Timothy Savage, a security expert at the Nautilus Institute, said the area where the boat was seized is "not clearly defined" and that "most of these countries in the region have different interpretations of what their exclusive economic zones are".
"We frequently have ships from one country or another not just from South Korea or North Korea but even China and Japan crossing into each other's territorial waters, so it wouldnt be surprising for a ship [to] accidentally cross into the North Korean zone," he told Al Jazeera.
"Compared to what the North Koreans have been threatening in terms of a physical response, seizing a fishing boat, while it is unfortunate for the fishermen involved, is a relatively low response."
Savage added: "In the old days, the North Koreans would usually keep the people there for some time and try to indoctrinate them into the North Korean way of life.
"They haven't done this for some years now. Now it's more likely they would try to gain some sort of concessions from South Korea before they release them."

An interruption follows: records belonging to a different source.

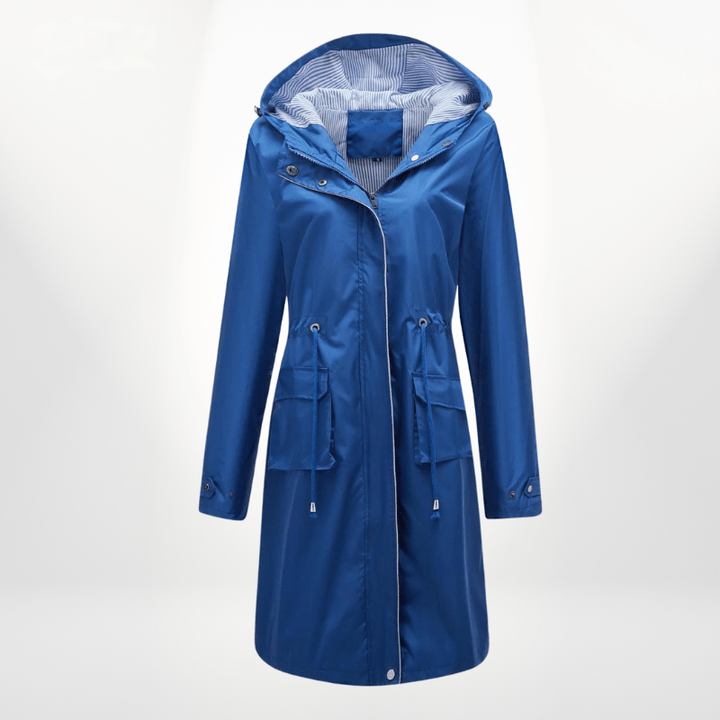 Solveig | Women&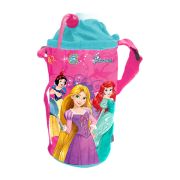 Husa pentru sticla apa Princess Seven SV9216 BBJSV9216_Initiala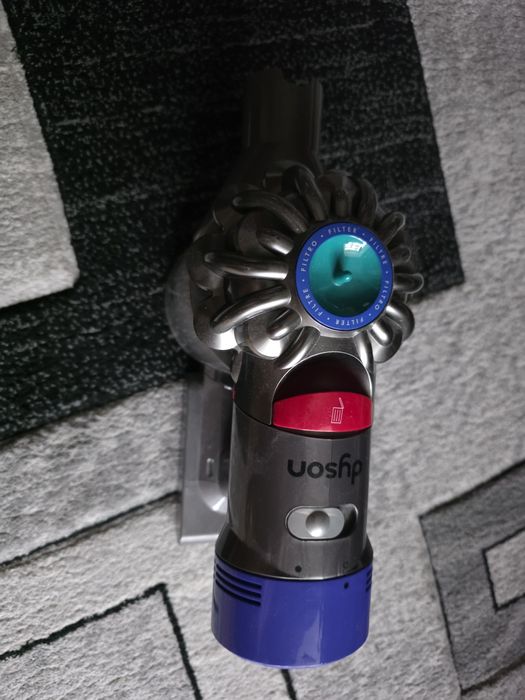 Aspirator dyson v8,v10..etc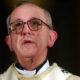 oscar adrian bergoglio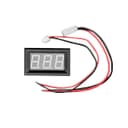 DFRobot DFR0244-B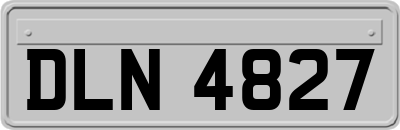 DLN4827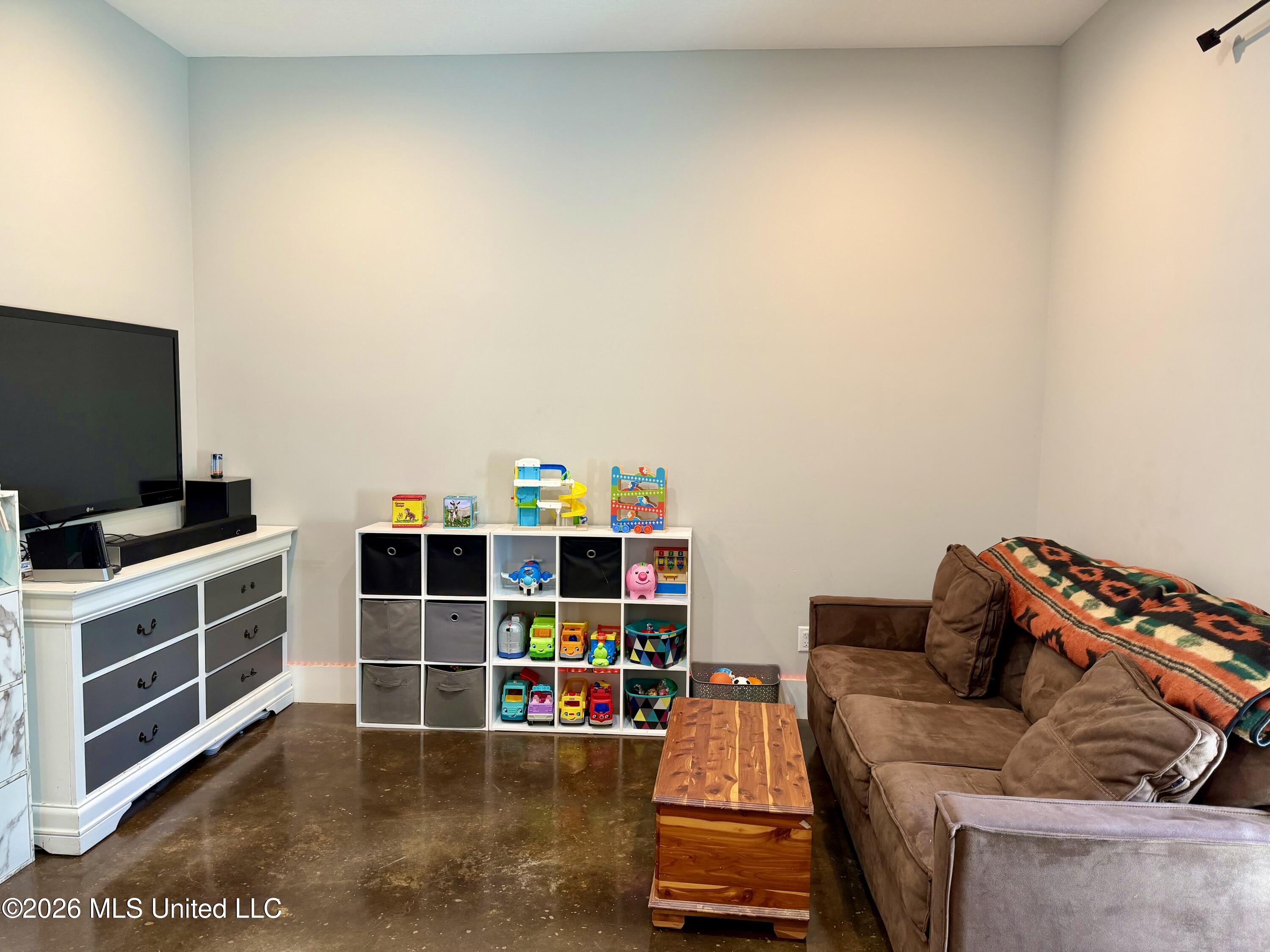 464 Goss Bunker Hill Road Property Photo 31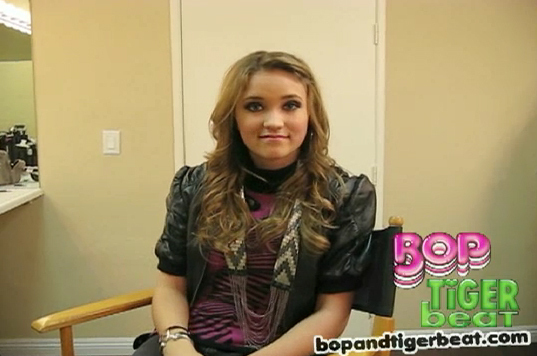 Tigerbeat-Bop-2009-emily-osment-4278577-537-356 - Emily Osment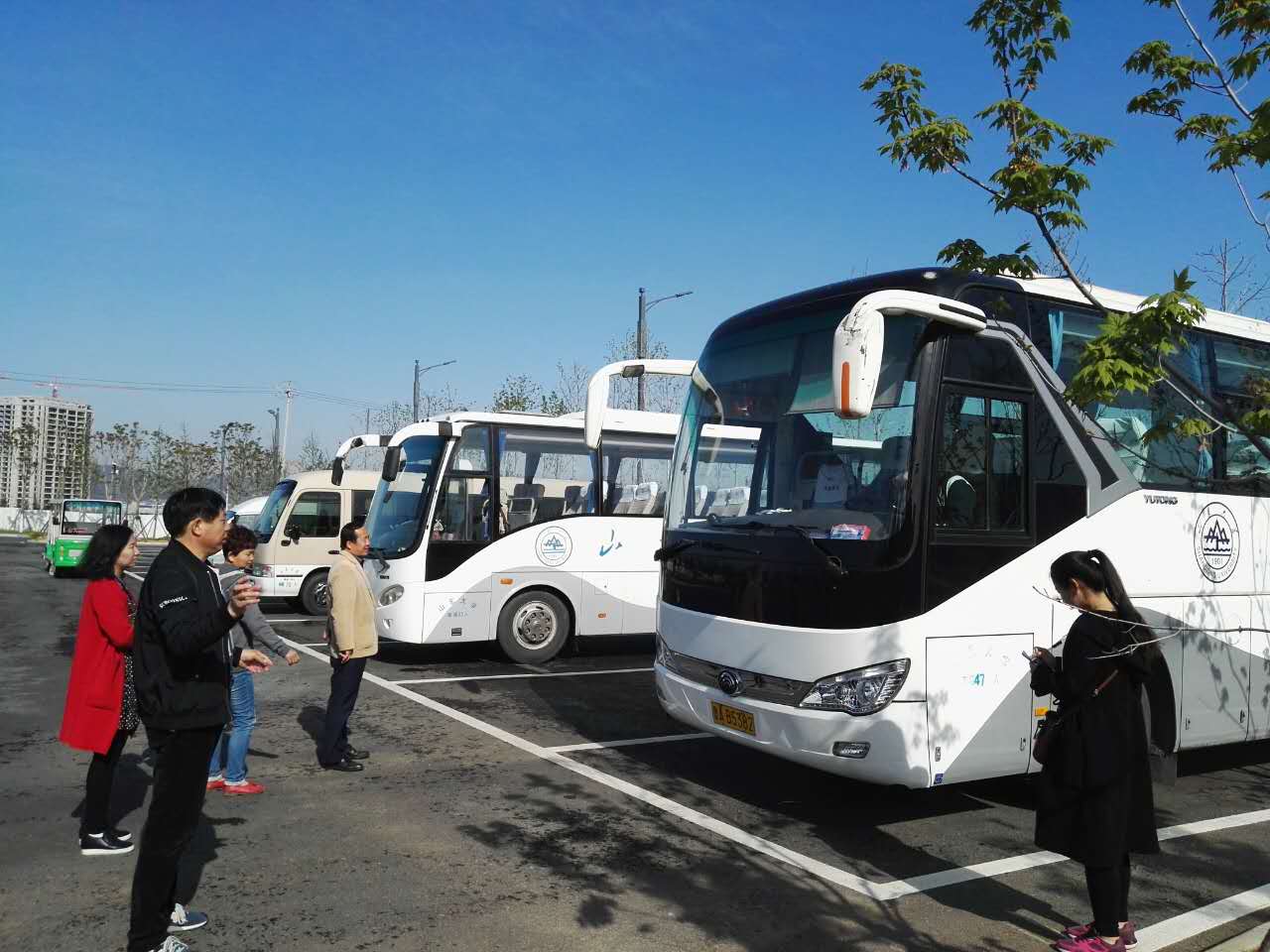 suncitygroup太阳集团网址
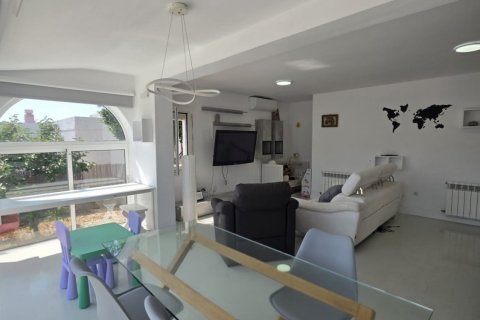 Сasa de 4 dormitorios en venta en L'Ametlla de Mar, Tarragona, Cataluña, Spain № 8327 - foto 7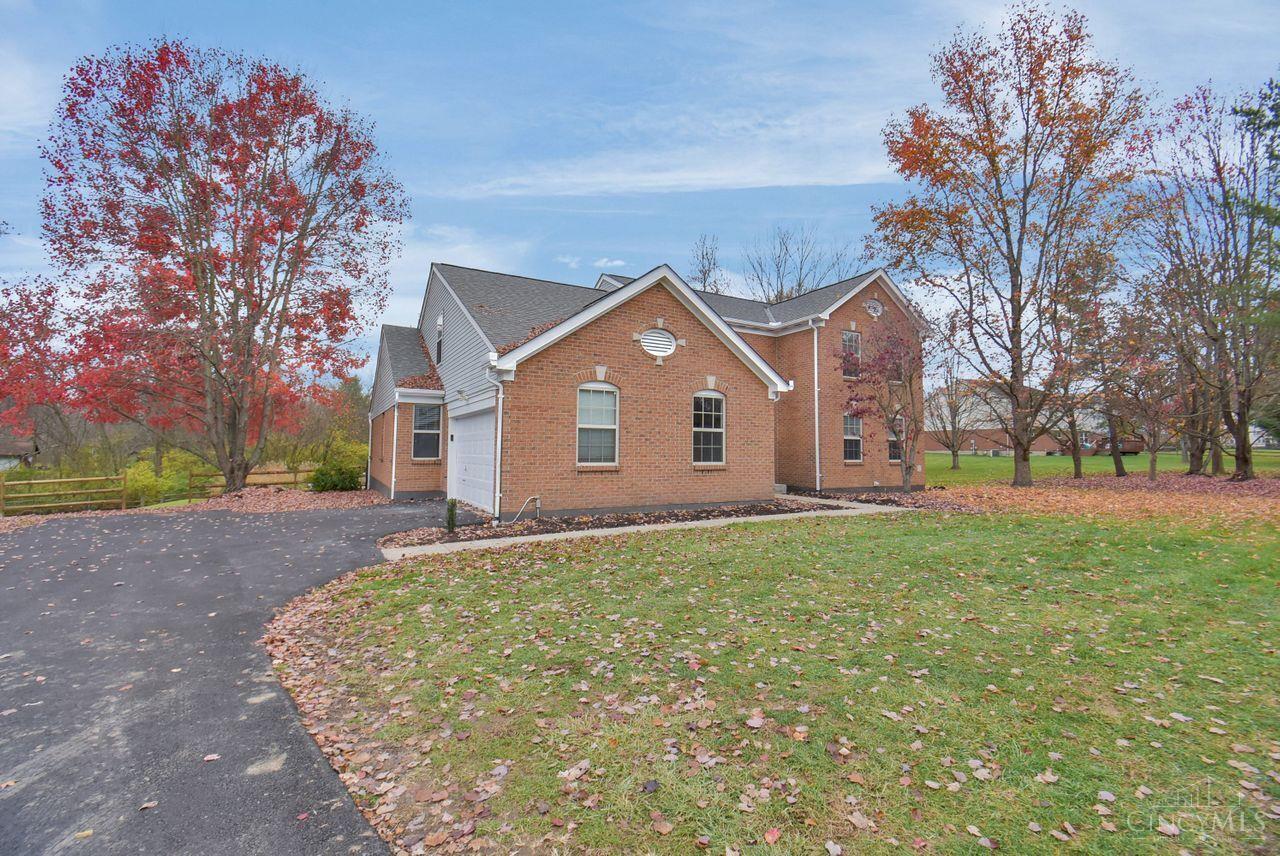 4780 Pewter Road Cincinnati, OH 45244 - Photo 5 of 47 Gallery Image 5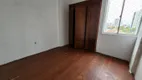 Foto 10 de Apartamento com 3 Quartos à venda, 110m² em Piedade, Jaboatão dos Guararapes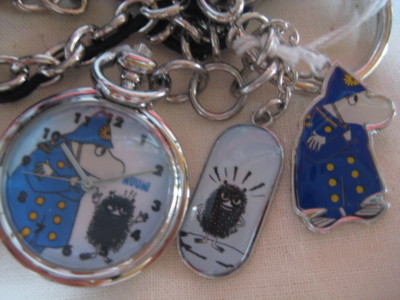 f:id:Too:20100729110557j:image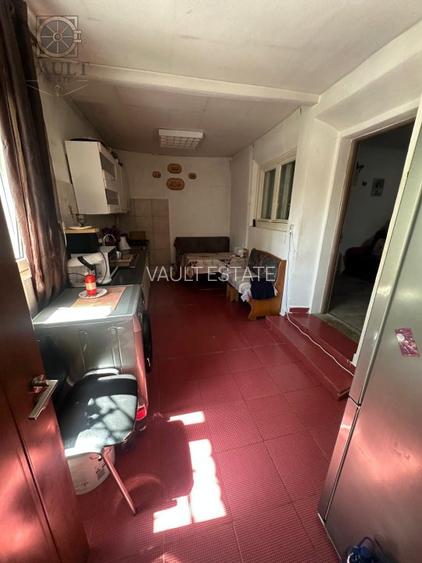 Casa - Mogosoaia -Individuala - 8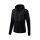 Hybrid Jacke  Damen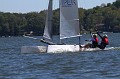 IMG_1785_7D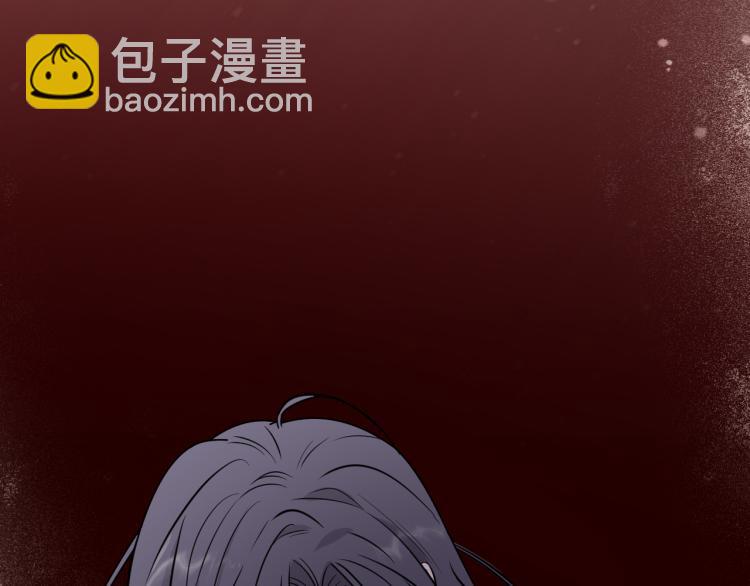 在黑暗中 - 第二季第17話 浴室裡的綁架(1/2) - 2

The boat was carrying four South Koreans and three Chinese sailors, according to China's Xinhua news agency.
Tensions between the two countries have risen in recent months, since the sinking of a South Korean warship in March, which killed 46 sailors.
A South Korean investigation blamed the incident on North Korea. Pyongyang responded by severing all diplomatic ties with Seoul.
South Korea launched naval drills off its western coast last week, and last month carried out a joint military drill with the US navy. North Korea has threatened "physical retaliation" over the exercises.